Is there anything in the environment of the resurrection to match the garden beauty and the garden fragrance? Yes. What is it? Morning: 'As it began to dawn'. It always begins to dawn when we are conscious of the presence and the blessing of the dear Lord. His coming means light, morning, something that has to grow, an increasing light, a gleam of the heavenly lightning that makes and seeks the eternal that it means. So far, then, the environment is right, garden and morning, how they match one another! what a duet is that! let them sing their music to the accompaniment of the spheres. Garden and morning what next? What we call spring, April, the time when the green blade is coming up or the little flower has fought its way through the frost and snow. When Christ rises all things rise; when Jesus comes up from the tomb there is no tomb, He has left it; now there is nothing but vernal beauty, vernal music thrills the responding air. A lovely environment, garden, morning, spring what more? Angels. A beautiful picture it is to see the angel of the Lord coming and thrusting back the little pebble that was rolled to the door of the tomb, and oh the subtle irony! oh the holy contempt! rolling back the stone and sitting on it! Marmion waved the fragment of his blade in sign of victory, a sign in its way and at the time pardonable, but there stands out one utterance and expression of victory grander than Marmion's waving of his blade. The angel of the Lord flicked away the stone with its red Roman seal, and having set it a few inches away sat upon it. It is then a right beautiful environment, and full of holy suggestion, and wet with a very gracious pathos, wet as with sacred teal's, such as might have dropped from heaven. Garden, morning, spring, angels; that is resurrection, resurging, coming back to flood and throne and final diadem.
II. We do not see all the beauty of that environment until we contrast it with the environment of the birth. What do we see at the nativity of Christ? A manger, and no garden; night 'and there were shepherds keeping their flocks by night'. This Child is going to be born in the darkness, He may bring the light with Him, He has always done so, He will not fail at Bethlehem. A child always brings light with it; the darkness has notice to quit the moment the child cries. Manger, night, and what we call winter. We keep the Saviour's birthday when the snow is on the ground; the keener the frost, the more highly piled the snow, we say, This is true Christmas weather. Not resurrection weather; something has happened between the winter and the spring, something has taken place between the fall of that snow, the growing of that ice, and the breathing of that balmy breeze over Jerusalem. 'This same Jesus,' Jesus of the garden and the morning, of the spring and of the angels, was once the Jesus of the manger and the night and the winter.

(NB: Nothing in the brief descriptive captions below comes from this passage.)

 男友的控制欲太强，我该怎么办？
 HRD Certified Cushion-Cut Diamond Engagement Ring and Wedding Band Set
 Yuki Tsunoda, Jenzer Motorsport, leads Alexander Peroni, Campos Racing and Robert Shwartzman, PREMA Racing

III. Look at the spiritual and ideal significance of these two environments, and especially the environment of the resurrection. What is the meaning of all this? The meaning is poetry, ideality, higher consciousness, a continually self-refining spirituality, a continually shedding off of the old and the poor and the mean that belongs to our own nature, and a constant rising into the true manhood. I belong to an ancestry, quoth one, who shot king after king on field after field. And I, quoth another, have no blood records in my family
Higher far my proud pretensions rise,
A child of parents passed into the skies.

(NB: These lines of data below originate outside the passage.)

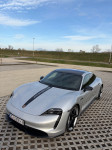 Porsche Taycan 4x4 automatik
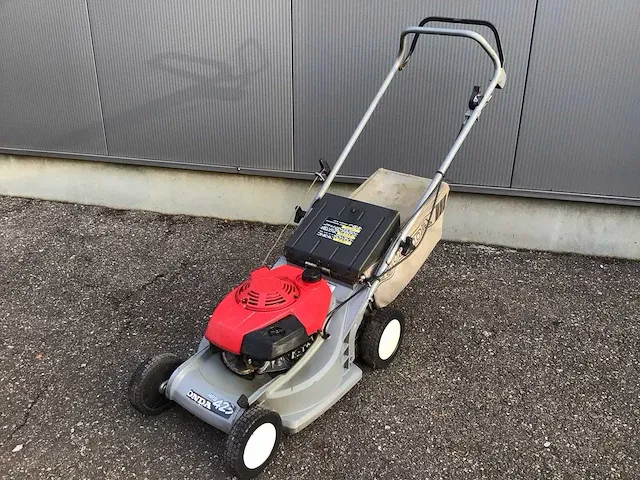 Honda hrb 423 grasmaaier - afbeelding 1 van  5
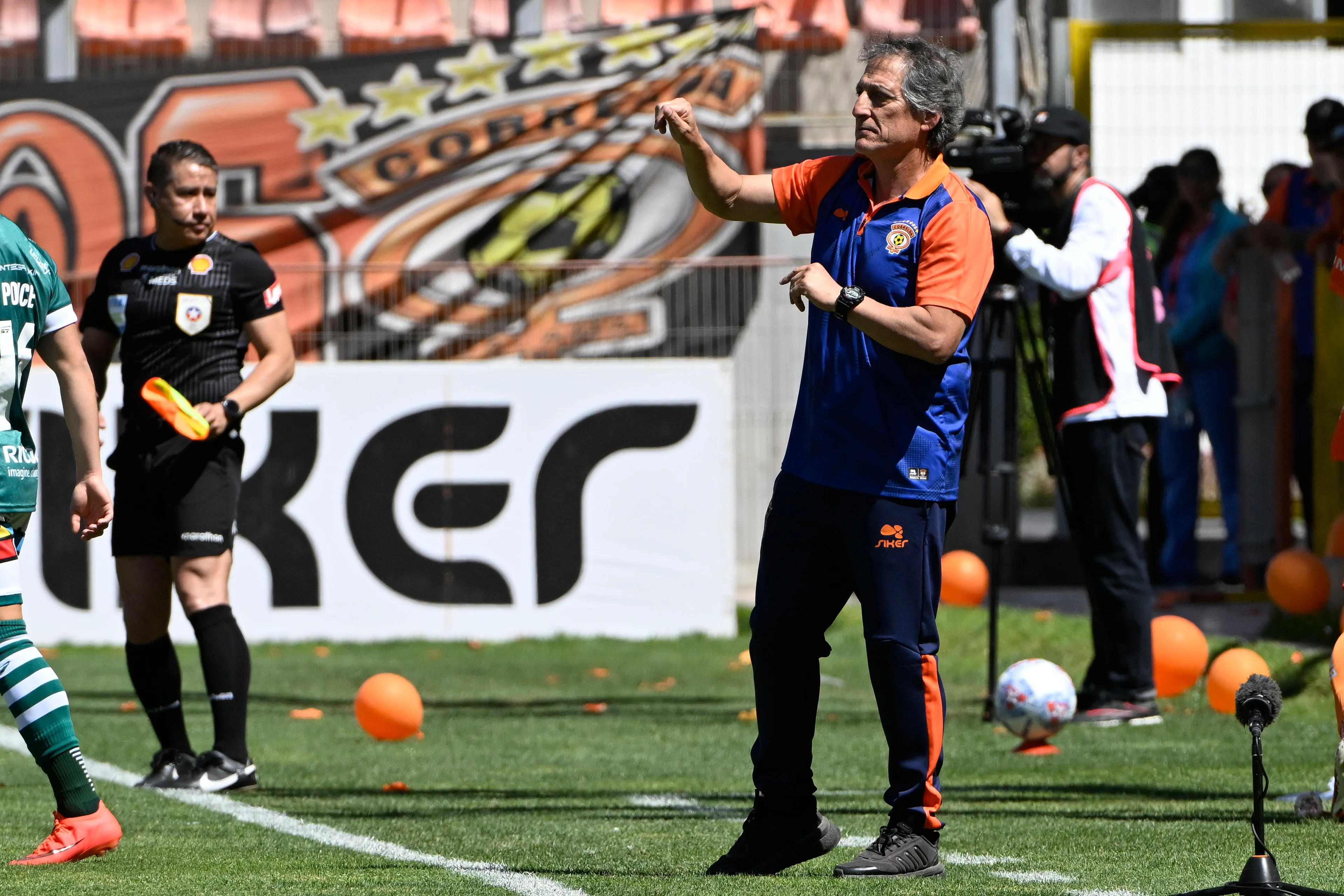 Mario Salas es líder de la Primera B con Cobreloa | Foto: Photosport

And if you have the gracious soul, the beautiful spirit, the very soul of charity and helpfulness to others, that is fame. All else may be but infamy.
Joseph Parker, City Temple Pulpit, vol. I. p. 142.
References. XXVIII. 9. A. Maclaren, Expositions of Holy Scripture St. Matthew XVIII.-XXVIII. p. 360. J. Parker, City Temple Pulpit, vol. i. p. 142. XXVIII. 9, 10. J. Grierson, Scenes and Interviews with the Risen Saviour, p. 60. H. Ward Beecher, Sermons (4th Series), p. 144. R. M. Benson, The Life Beyond the Grave, p. 103. Spurgeon, Sermons, vol. xlv. No. 2628.
In Thomas Boston's Memoirs for 9 December, 1710, the following entry occurs: 'This night I was in bad case. I find it is not easy for me to carry right, either with or without the cross. While I was walking up and down my closet in heaviness, my little daughter Jane, whom I had laid in bed, suddenly raising up herself said, She would tell me a note; and thus delivered herself: Mary Magdalen went to the sepulchre. She went back again with them to the sepulchre; but they would not believe that Christ was risen, till Mary Magdalen met Him; and He said to her, "Tell My brethren, they are My brethren yet". This she pronounced with a certain air of sweetness. It took me by the heart: "His brethren yet" (thought I); and may I think that Christ will own me as one of His brethren? It was to me as life from the dead.'
O infinite mercy! How dost Thou raise their titles with Thyself! At first they were Thy servants, then disciples; a little before Thy death, they were Thy friends; now, after Thy resurrection, they were Thy brethren. O mercy without measure, why wilt Thou, how canst Thou, O Saviour, call them brethren, whom in their last parting, Thou foundest fugitives? Did they not run from Thee? And yet Thou sayest, 'Go, tell My brethren!'
References. XXVIII. 10. F. E. Paget, Helps and Hindrances to the Christian Life, vol. i. p. 187. XXVIII. 11-16. C. S. Robinson, Sermons on Neglected Texts, p. 100. E. D. Solomon, Christian World Pulpit, vol. xxi. p. 293. Parker, Inner Life of Christ, vol. iii. p. 276. A. Barry, Cheltenham College Sermons, p. 383. XXVIII. 11-20. G. Jackson, Christian World Pulpit, vol. lxi. 1902, p. 275. XXVIII. 16. R. Linklater, ibid. vol. lxxi. 1907, p. 408. XXVIII. 16, 17. A. Maclaren, Expositions of Holy Scripture St. Matthew XVIII.-XXVIII. p. 369; see also After the Resurrection, p. 102. G. Grierson, Scenes and Interviews with the Risen Saviour, p. 234. XXVIII. 16-20. B. F. Westcott, The Revelation of the Risen Lord, p. 153. R. M. Benson, The Life Beyond the Grave, p. 596. Spurgeon, Sermons, vol. xxxix. No. 2330. A. G. Mortimer, Jesus and the Resurrection, p. 215. XXVIII. 17. J. Vaughan, Fifty Sermons (9th Series), p. 167. A. M. Mackay, Christian World Pulpit, vol. xli. 1892, p. 253. XXVIII. 18. G. W. Kitchin, Christus Impecator, p. 18. A. F. Winnington Ingram, Lenten Mission, 1905, p. 28. W. T. Barber, Christian World Pulpit, vol. lxi. 1902, p. 403. Spurgeon, Sermons, vol. xlii. No. 2465. XXVIII. 18, 19. E. P. Liddon, Christian World Pulpit, vol. xxxvii. 1890, p. 11. R. J. Campbell, ibid. vol. lv. 1899, p. 273. C. Brown, ibid. vol. lxxi. 1907, p. 309; see also God and Man, p. 147. Spurgeon, Sermons, vol. vii. No. 383.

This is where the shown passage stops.